Lord Spider confides in us that he has nothing against the Serpent. He is just troubled that no one can tell which way a snake is looking. We also receive a sly wink, signaling the novel’s lineage in the primal short story about the loss of the garden at the rise of civilization. To our relief, the despairing weaver of tales is soon approached by his number-one fan, Jesus L. Pillai, an aspiring writer himself, who offers his services to the master. Soon we learn that the writer’s helper is no mean muse. Pillai’s day job is that of a professional hangman, shapeshifting his hobby, and he also has total recall of his previous births. Appearing often in the shape of a bat, Pillai is as servile as Mephistopheles, yet quick with the all-important upside-down point of view. A fan of Bollywood, Pillai is waiting for a chance to pitch his own blockbuster movie idea based on one of his previous births, his frog birth.

As their collaboration begins, Pillai suggests that the essay ought to start with a sentence on the future of compassion, and he quickly dictates one: “The time is not far off when robot armies, interstellar ships and AI units controlling WMD’s and slaughterhouse machinery run by EI will be programmed with compassion.” Lord Spider is so impressed with that sentence he wants to discuss copyright. More sentences pour out of the bat’s lips, and the collaborative give-and-take sends the novel spinning free into a starry night of visionary elucidations.

The struggle to meet a deadline quickly turns into a leisurely exploration of compassion in an age of horror. Nothing is left out; even such existential problems as biting and the nature of teeth come up for the pair’s philosophical musing: “teeth are the sources of a monstrous, unending, moral crisis for humans.” The comings and goings in Zacharia’s carnival tent steadily accelerate with the clownish appearances of Karl Marx, Gandhi, Stalin, and Stalin’s seamstress. God herself shows up. Passion and compassion battle it out through stories like that of Bishop Hopper, who was burned at the stake in England in 1555. The passionate did such a botched job at burning the man, the half-burned bishop had to lend a hand in his own immolation.

An endearing family narrative also emerges, almost a middle-class marriage story, all adding up to a vision of modernity. The statuette of Adam, Eve, and the Serpent is never out of sight, as is the vision of the lost garden of imagination, art, and music.
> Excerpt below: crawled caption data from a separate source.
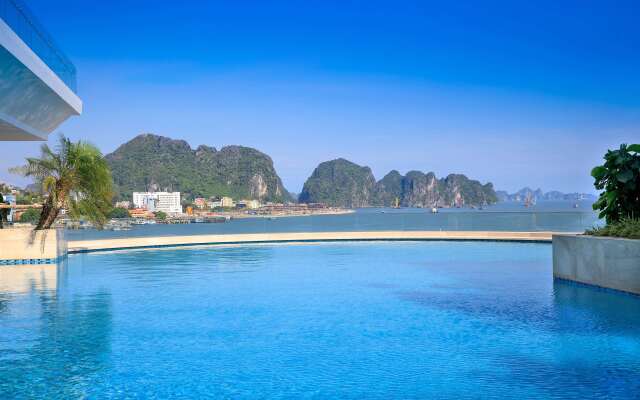 Wyndham Legend Halong Hotel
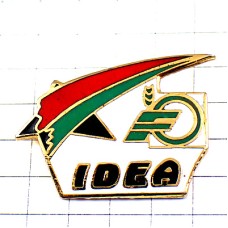 ピンバッジ・イデア赤や緑の線アルファベットＦ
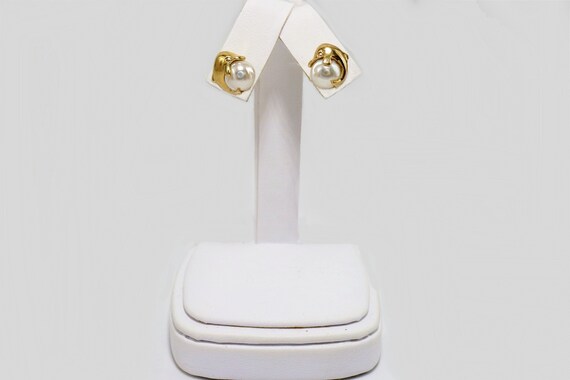 Vintage bulky 3D Dolphin Pearl Stud earrings  Dol… - image 3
Slowly we learn that all the vanished music is waiting to be rediscovered in the Valley of Lost Songs.

While the writerly collaboration between Pillai and Lord Spider forms the bulk of the novel, the writer’s wife, Rosi, claims it as a marriage story, especially after she joins the writing team and leaps up into the air on an eschatological flight of fancy, a group flight that will take them to the Valley of Lost Songs. Even her dog joins the flight. In the grand finale, Rosi also surprises Pillai, the hangman friend, by asking for the experience of hanging so that she may gain academic knowledge of death, death wishes, and mortality itself.

Although thematically different from Arundhati Roy’s The God of Small Things, the two novels share the geography and the disenchantment with the promise of what is increasingly known as the “Kerala Enlightenment.” Rich in descriptions of the land, the sky, flora, and fauna, biting and eating by the human animal form the core of the narrative, and much of the pleasure is derived from the relentless bubbling of small revelations and bons mots. One moment we hear that the greatest worry in death is “never knowing who the next Pope is,” and the next, we learn that an egg is an egg because of “its shape and oozy content want[ing] to roll about and be eaten and done with.” The anarchy of humor and horror that Paul Zacharia presents in A Secret History of Compassion renews the unique cosmicomic path for India’s flourishing English-language fiction, a path first blazed by G. V. Desani’s All About H. Hatterr.

Bradley University

A bilingual writer in English and Malayalam, Thomas Palakeel teaches creative writing and English Renaissance literature at Bradley University, in Peoria, Illinois.